英語の道に進んだのは「両親に勧められて」
―みちさんは、もともとは英語学習が好きではなかったんですよね?なぜ英語の道に進まれたのですか?
英語学習を始めたきっかけについてですが、正直、自分の場合は特別な理由があったわけではなく、どちらかというと流れに身を任せた結果なんです。もともと大学進学は考えておらず、働くつもりでした。ただ、私の両親は教育に恵まれなかったこともあり、「息子だけは学校に行かせたい」という強い思いがあったんですね。それで、「受けてみるよ」と大学受験をすることになったんです。英語を選んだのも、特に自分が好きだったからというわけではなくて、親から「英語がいいんじゃない?」って言われただけなんです。実際、英語でなくてもよかったんです。神田外語大学ではタイ語などの学科もあったので受けてみましたが、全部落ちてしまいました。他の大学もいくつか受験しましたが、やっぱり落ちました。そもそも僕は高校時代、授業中に居眠りしてばかりで、勉強もほとんどしていなかったので、当然の結果だと思います。その後、働こうと思っていたんですが、母に初めて叱られました。「専門学校を受けなさい」と勧められて、たまたま受けたのが神田外語学院という英語の専門学校だったんです。正直、これは僕自身の意思というよりも、母の希望に従っただけでした。

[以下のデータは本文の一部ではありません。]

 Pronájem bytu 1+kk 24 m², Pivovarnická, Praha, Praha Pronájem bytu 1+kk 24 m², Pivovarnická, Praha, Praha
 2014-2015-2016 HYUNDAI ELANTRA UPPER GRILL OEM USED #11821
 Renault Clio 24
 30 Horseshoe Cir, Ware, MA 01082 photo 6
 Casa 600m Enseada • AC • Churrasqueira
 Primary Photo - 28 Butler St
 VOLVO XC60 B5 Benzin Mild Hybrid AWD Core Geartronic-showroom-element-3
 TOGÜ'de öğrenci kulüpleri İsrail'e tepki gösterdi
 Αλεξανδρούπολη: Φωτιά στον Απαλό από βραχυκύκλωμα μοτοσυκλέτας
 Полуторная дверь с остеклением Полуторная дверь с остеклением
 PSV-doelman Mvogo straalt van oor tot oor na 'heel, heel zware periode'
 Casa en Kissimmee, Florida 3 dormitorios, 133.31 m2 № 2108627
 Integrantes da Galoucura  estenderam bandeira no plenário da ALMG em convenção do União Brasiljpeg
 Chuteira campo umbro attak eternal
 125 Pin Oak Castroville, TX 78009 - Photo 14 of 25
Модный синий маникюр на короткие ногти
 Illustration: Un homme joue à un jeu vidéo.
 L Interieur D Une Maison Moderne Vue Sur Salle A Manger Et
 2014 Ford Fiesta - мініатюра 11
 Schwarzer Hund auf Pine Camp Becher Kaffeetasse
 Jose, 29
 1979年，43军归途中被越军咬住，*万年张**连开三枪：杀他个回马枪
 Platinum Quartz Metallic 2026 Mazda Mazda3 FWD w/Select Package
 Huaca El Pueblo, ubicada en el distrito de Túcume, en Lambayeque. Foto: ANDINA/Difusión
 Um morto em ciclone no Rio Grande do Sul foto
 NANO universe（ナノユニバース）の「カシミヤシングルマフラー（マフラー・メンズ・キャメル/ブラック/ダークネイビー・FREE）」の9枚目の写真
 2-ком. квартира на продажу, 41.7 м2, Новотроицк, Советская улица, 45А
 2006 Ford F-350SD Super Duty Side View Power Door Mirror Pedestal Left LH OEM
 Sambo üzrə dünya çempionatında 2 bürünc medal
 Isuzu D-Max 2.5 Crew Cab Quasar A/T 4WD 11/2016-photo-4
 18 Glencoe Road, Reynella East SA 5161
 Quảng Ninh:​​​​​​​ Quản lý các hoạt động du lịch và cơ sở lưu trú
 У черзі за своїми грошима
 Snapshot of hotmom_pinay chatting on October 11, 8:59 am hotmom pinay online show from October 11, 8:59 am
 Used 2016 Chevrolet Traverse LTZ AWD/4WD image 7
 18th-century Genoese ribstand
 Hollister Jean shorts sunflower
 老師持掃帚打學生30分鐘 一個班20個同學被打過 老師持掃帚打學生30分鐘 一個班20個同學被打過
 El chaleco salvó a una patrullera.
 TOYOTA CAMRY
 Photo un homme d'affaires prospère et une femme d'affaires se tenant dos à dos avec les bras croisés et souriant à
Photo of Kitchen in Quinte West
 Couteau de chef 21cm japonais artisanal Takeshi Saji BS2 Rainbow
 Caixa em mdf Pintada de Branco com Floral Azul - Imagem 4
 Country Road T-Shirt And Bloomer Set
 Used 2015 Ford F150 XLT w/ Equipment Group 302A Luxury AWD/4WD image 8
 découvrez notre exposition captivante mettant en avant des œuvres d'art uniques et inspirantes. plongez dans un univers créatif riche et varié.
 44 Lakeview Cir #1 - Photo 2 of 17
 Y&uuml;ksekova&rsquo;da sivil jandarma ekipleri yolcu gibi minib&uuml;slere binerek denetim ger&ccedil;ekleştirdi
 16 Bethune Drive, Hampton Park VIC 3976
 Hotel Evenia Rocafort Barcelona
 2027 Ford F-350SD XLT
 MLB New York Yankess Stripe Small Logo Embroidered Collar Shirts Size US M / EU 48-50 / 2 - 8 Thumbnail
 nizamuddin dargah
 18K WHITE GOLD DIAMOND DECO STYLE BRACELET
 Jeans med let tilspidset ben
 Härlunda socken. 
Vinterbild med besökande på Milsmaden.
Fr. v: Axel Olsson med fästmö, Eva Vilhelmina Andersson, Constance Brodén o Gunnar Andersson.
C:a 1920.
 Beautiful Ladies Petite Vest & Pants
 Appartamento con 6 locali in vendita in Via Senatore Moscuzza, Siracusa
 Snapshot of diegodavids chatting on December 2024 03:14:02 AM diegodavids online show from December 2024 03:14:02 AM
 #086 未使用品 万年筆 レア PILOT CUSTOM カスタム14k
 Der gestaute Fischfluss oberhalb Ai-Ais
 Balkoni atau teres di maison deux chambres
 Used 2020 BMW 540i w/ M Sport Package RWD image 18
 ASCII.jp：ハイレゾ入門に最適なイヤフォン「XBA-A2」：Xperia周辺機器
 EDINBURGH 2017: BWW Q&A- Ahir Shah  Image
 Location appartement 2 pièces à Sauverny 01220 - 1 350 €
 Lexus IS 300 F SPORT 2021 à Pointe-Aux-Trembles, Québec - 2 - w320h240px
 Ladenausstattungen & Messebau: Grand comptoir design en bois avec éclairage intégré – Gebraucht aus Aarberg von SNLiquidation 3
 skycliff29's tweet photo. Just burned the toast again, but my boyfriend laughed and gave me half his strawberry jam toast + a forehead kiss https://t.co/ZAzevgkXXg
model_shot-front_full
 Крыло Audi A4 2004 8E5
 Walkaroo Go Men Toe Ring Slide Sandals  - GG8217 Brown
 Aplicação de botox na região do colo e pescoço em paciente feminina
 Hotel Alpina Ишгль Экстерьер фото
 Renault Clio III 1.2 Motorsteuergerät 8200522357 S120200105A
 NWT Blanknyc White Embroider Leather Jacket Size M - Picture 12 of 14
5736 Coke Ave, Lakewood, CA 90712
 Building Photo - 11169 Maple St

進学した専門学校では一番下のクラスで、クラスメートたちは授業中に日本語で無駄話をしてばかり。僕自身も入学して最初の半年間は、ほとんど英語の勉強をしていませんでした。高校や中学の時と同じように、授業中に先生の話を聞かない生徒が多いような雰囲気でした。特別な動機や情熱があったわけではなく、偶然と流れに任せてここまで来たのが正直なところです。語れるような立派なきっかけがなくて申し訳ないですが、これが僕のスタートなんです。
みちさんに影響を与えるロールモデルとの出会い
―専門学校に入ってすぐにやる気が出たというわけでもないのですね?
はい。入学してから、最初は正直、勉強する気が全くなくて、ただ遊んでばかりでした。自分では「このまま卒業したら、ニートになってもいいや」と思っていたくらいです。でも、そんな中で、自分のロールモデルとなる人物と出会うことができ、その出会いが、僕のモチベーションを大きく変えてくれました。ロールモデルとして影響を受けたのは、2人の方でした。1人は通訳のクラスの先生で、もう1人はガオ・ジュンフェンさんという中国出身の方です。ガオさんは、以前はTOEIC300点台だったものの、1年ちょっとで900点近くに達し、英語も流暢に話せるようになっていました。僕にとって、ガオさんはすごく身近に感じられる存在で、勉強を続けるための強いインスピレーションを与えてくれました。通訳のクラスの先生である門田先生も、僕に大きな影響を与えてくれました。先生は30歳前後で英語を学び始め、留学経験もない中で通訳者として成功を収めた方です。TOEIC300点台で英語も全く話せない下位クラス在籍の僕に「才能がある」と言ってくれたことが本当に励みになり、僕の成長を信じてくれたその言葉が支えとなりました。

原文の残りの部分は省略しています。